## WORK ITEM
Without the pictures, give the listing below again exactly.

## SUPPLIED DATA
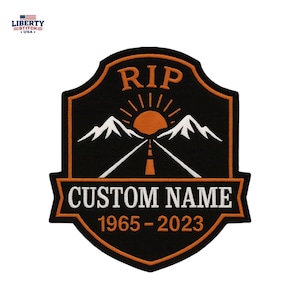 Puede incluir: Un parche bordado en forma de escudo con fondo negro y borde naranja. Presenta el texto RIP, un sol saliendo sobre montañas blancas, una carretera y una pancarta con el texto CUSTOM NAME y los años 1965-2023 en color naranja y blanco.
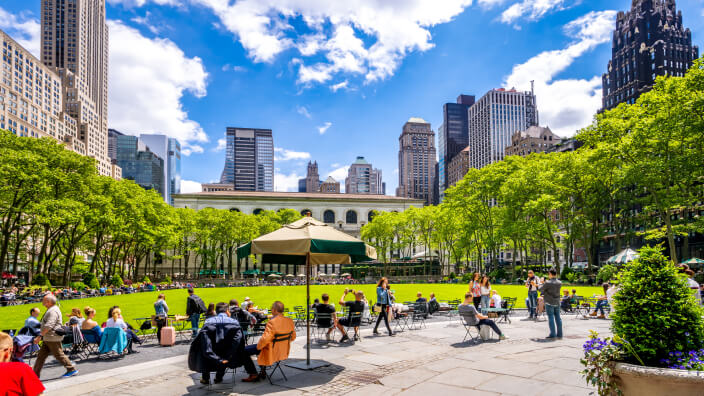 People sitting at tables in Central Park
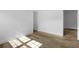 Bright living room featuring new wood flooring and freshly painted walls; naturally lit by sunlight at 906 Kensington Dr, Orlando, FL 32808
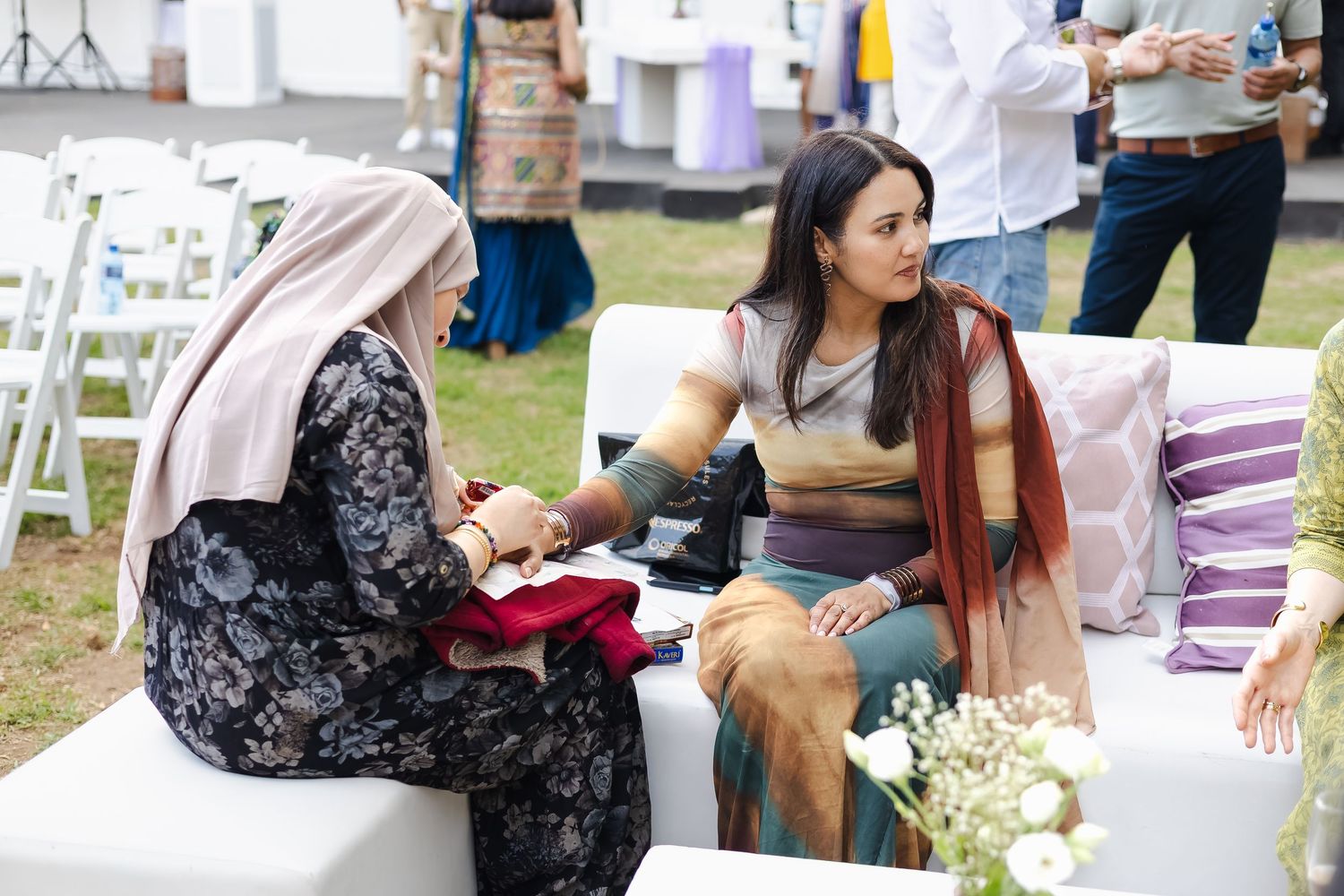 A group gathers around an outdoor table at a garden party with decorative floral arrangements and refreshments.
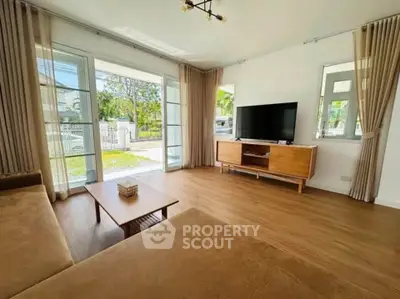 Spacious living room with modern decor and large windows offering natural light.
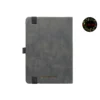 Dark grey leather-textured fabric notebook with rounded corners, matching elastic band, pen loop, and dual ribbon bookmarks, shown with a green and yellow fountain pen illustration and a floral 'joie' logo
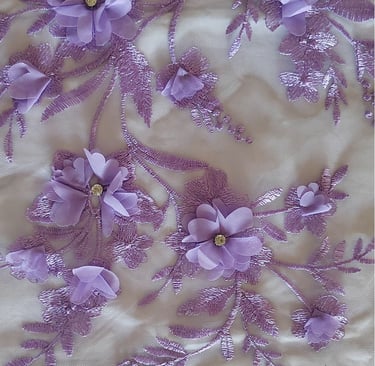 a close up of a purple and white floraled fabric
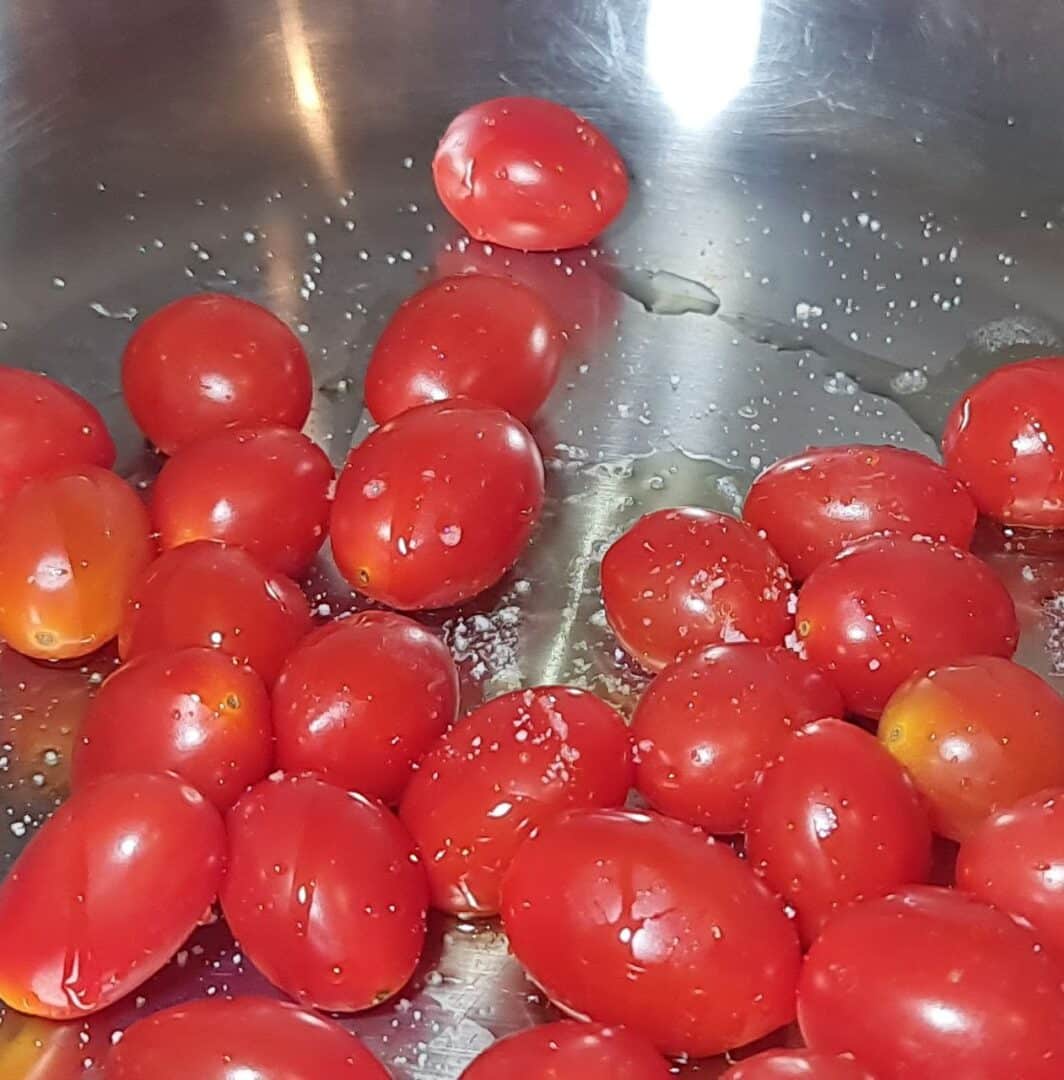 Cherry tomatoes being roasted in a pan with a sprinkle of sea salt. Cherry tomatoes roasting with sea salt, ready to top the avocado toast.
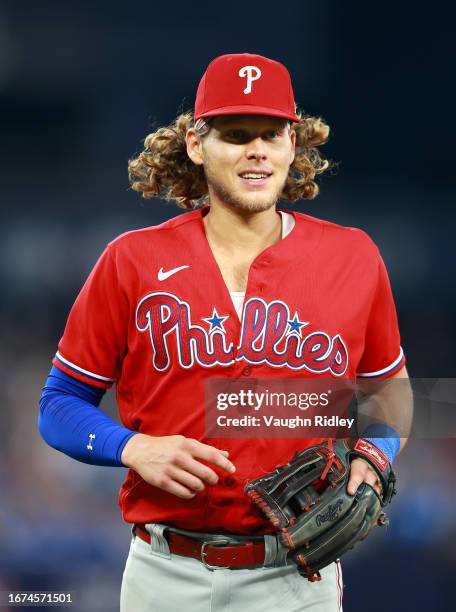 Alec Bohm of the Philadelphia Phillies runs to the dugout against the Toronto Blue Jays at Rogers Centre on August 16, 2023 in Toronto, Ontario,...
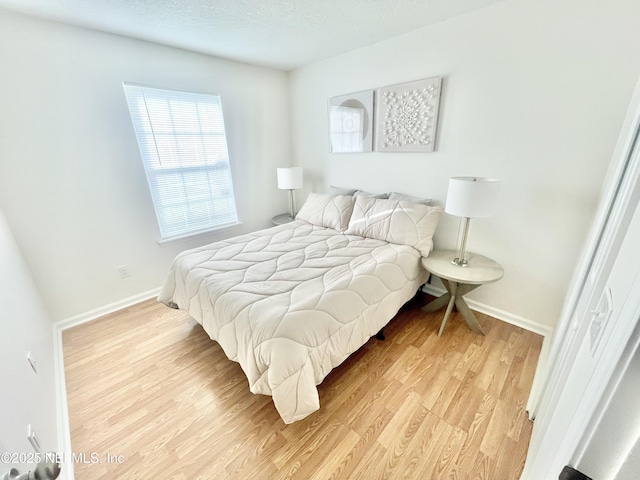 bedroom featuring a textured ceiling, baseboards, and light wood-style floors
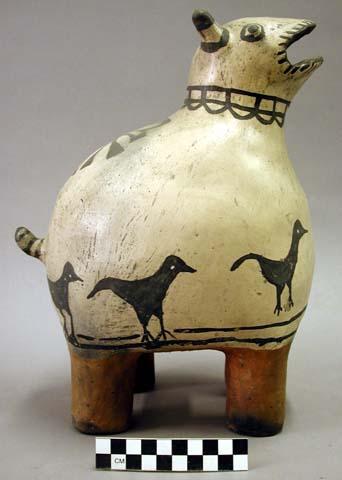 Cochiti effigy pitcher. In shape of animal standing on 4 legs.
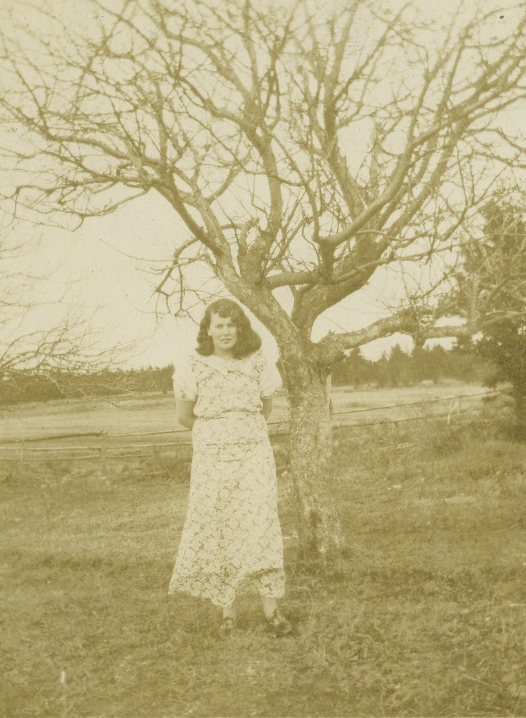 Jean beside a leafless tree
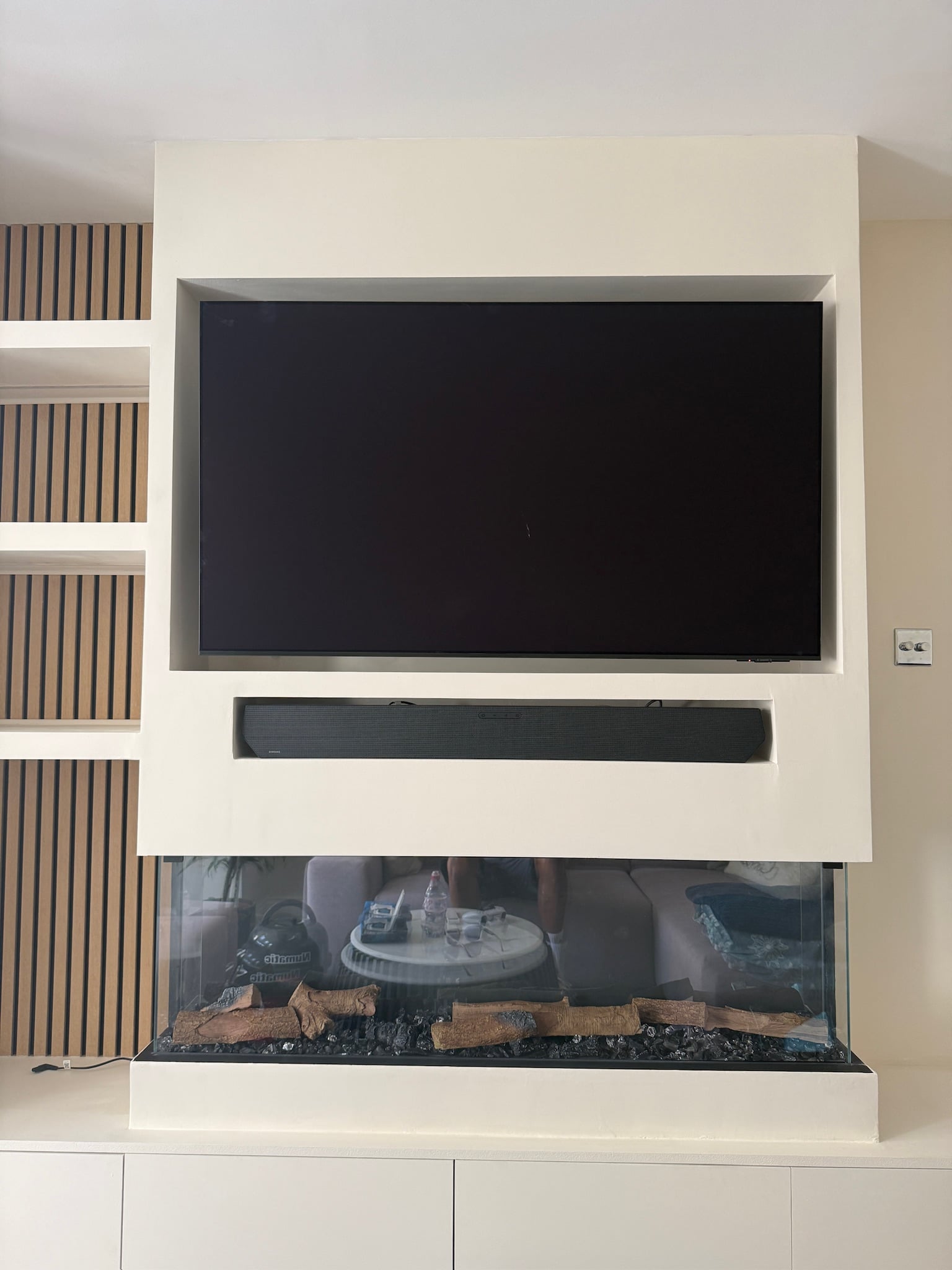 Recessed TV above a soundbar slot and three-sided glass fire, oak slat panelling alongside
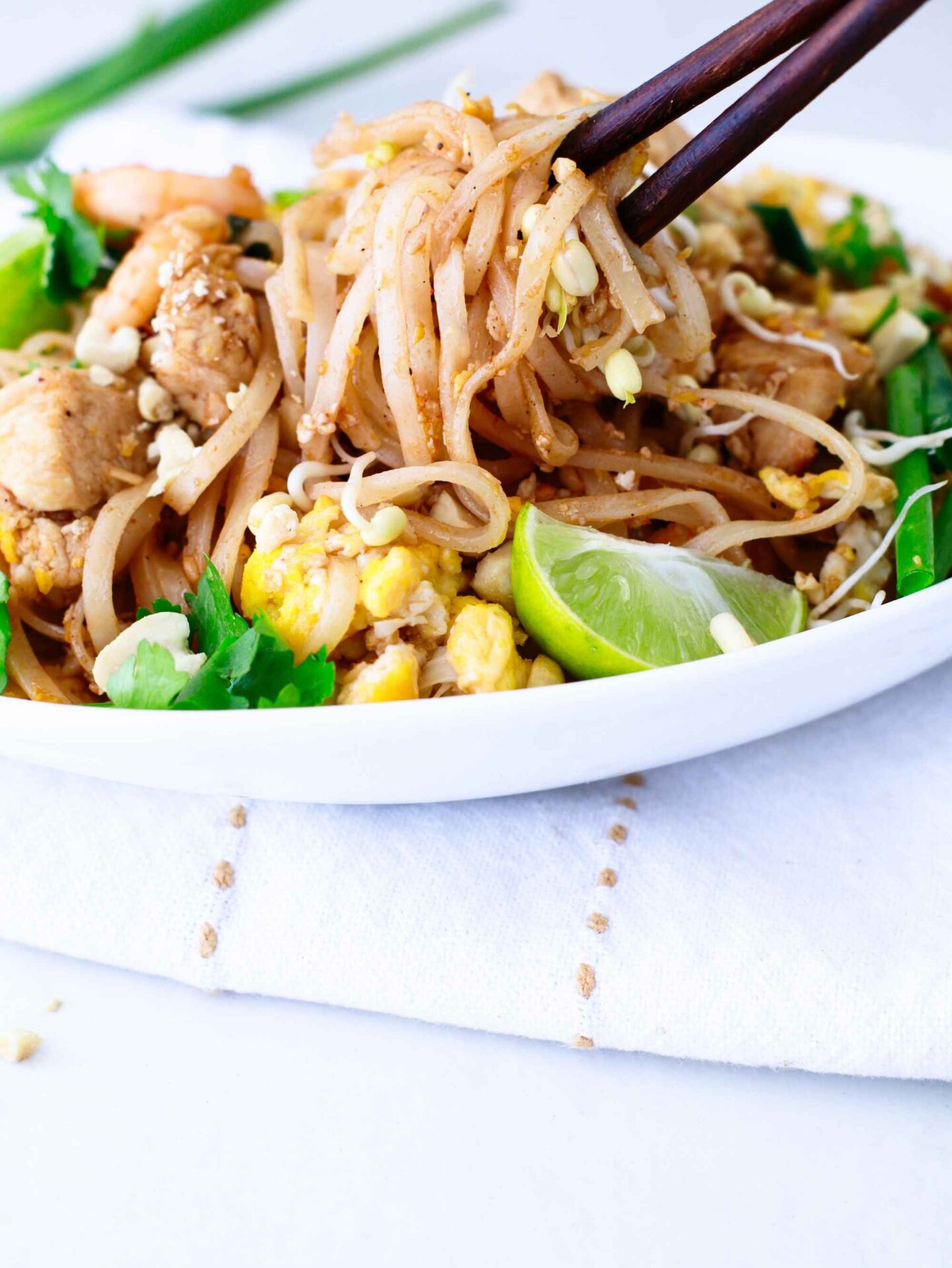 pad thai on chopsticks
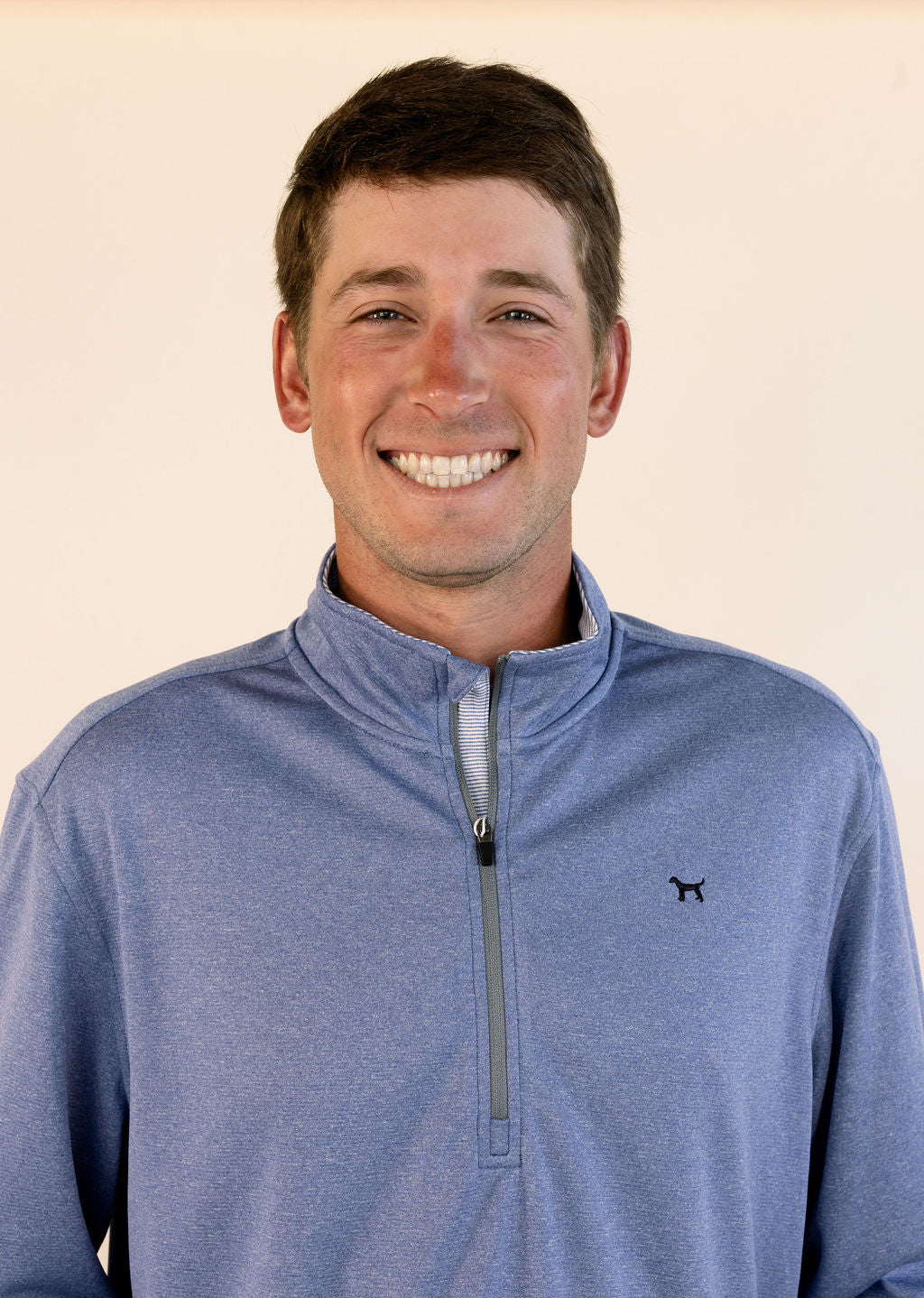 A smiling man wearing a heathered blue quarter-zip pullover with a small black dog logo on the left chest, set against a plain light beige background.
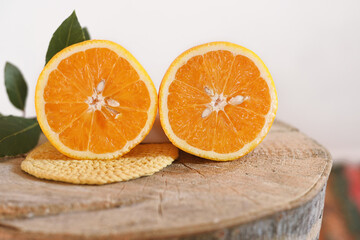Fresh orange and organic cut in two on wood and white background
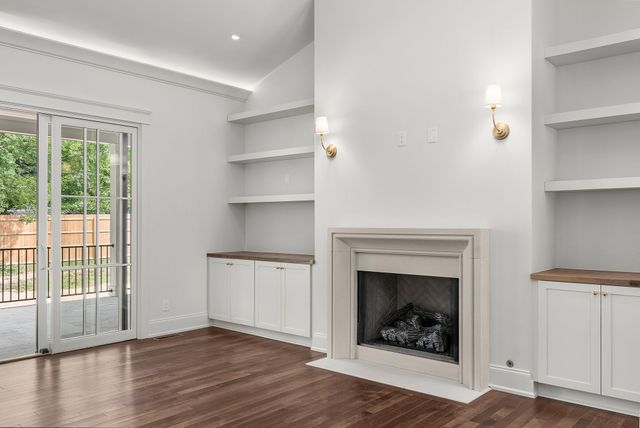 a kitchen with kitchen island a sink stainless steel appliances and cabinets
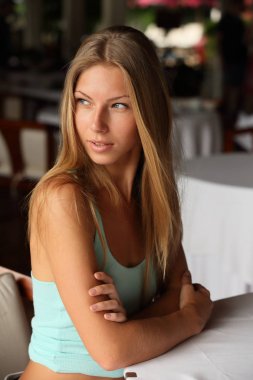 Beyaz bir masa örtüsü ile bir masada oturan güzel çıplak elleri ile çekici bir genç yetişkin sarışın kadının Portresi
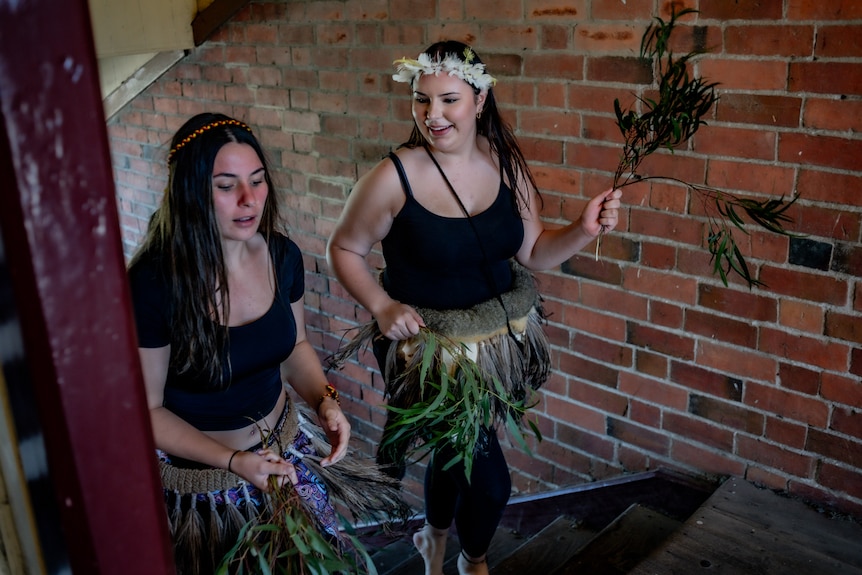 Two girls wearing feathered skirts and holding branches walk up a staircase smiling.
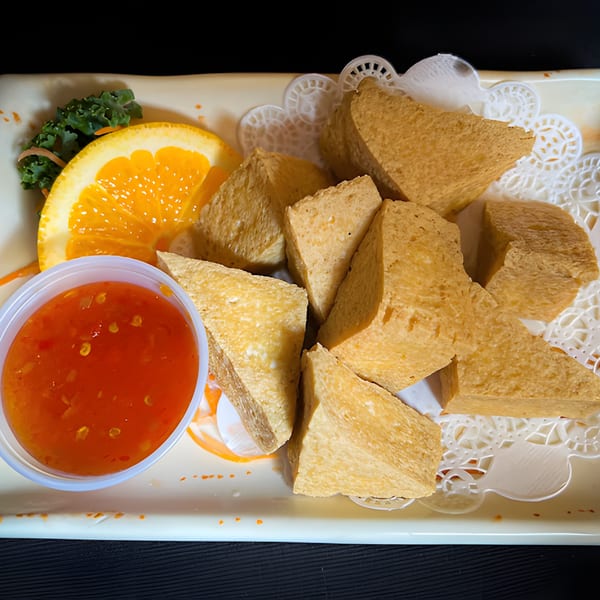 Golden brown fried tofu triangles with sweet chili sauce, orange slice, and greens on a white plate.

## RESPONSE TO THE EXERCISE
 Puede incluir: Un parche bordado en forma de escudo con fondo negro y borde naranja. Presenta el texto RIP, un sol saliendo sobre montañas blancas, una carretera y una pancarta con el texto CUSTOM NAME y los años 1965-2023 en color naranja y blanco.
 People sitting at tables in Central Park
 Bright living room featuring new wood flooring and freshly painted walls; naturally lit by sunlight at 906 Kensington Dr, Orlando, FL 32808
 A group gathers around an outdoor table at a garden party with decorative floral arrangements and refreshments.
 Spacious living room with modern decor and large windows offering natural light.
 Dark grey leather-textured fabric notebook with rounded corners, matching elastic band, pen loop, and dual ribbon bookmarks, shown with a green and yellow fountain pen illustration and a floral 'joie' logo
 a close up of a purple and white floraled fabric
 Cherry tomatoes being roasted in a pan with a sprinkle of sea salt. Cherry tomatoes roasting with sea salt, ready to top the avocado toast.
 Alec Bohm of the Philadelphia Phillies runs to the dugout against the Toronto Blue Jays at Rogers Centre on August 16, 2023 in Toronto, Ontario,...
 bedroom featuring a textured ceiling, baseboards, and light wood-style floors
 Cochiti effigy pitcher. In shape of animal standing on 4 legs.
 Jean beside a leafless tree
 Recessed TV above a soundbar slot and three-sided glass fire, oak slat panelling alongside
 pad thai on chopsticks
 A smiling man wearing a heathered blue quarter-zip pullover with a small black dog logo on the left chest, set against a plain light beige background.
Fresh orange and organic cut in two on wood and white background
 a kitchen with kitchen island a sink stainless steel appliances and cabinets
 Beyaz bir masa örtüsü ile bir masada oturan güzel çıplak elleri ile çekici bir genç yetişkin sarışın kadının Portresi
 Two girls wearing feathered skirts and holding branches walk up a staircase smiling.
 Golden brown fried tofu triangles with sweet chili sauce, orange slice, and greens on a white plate.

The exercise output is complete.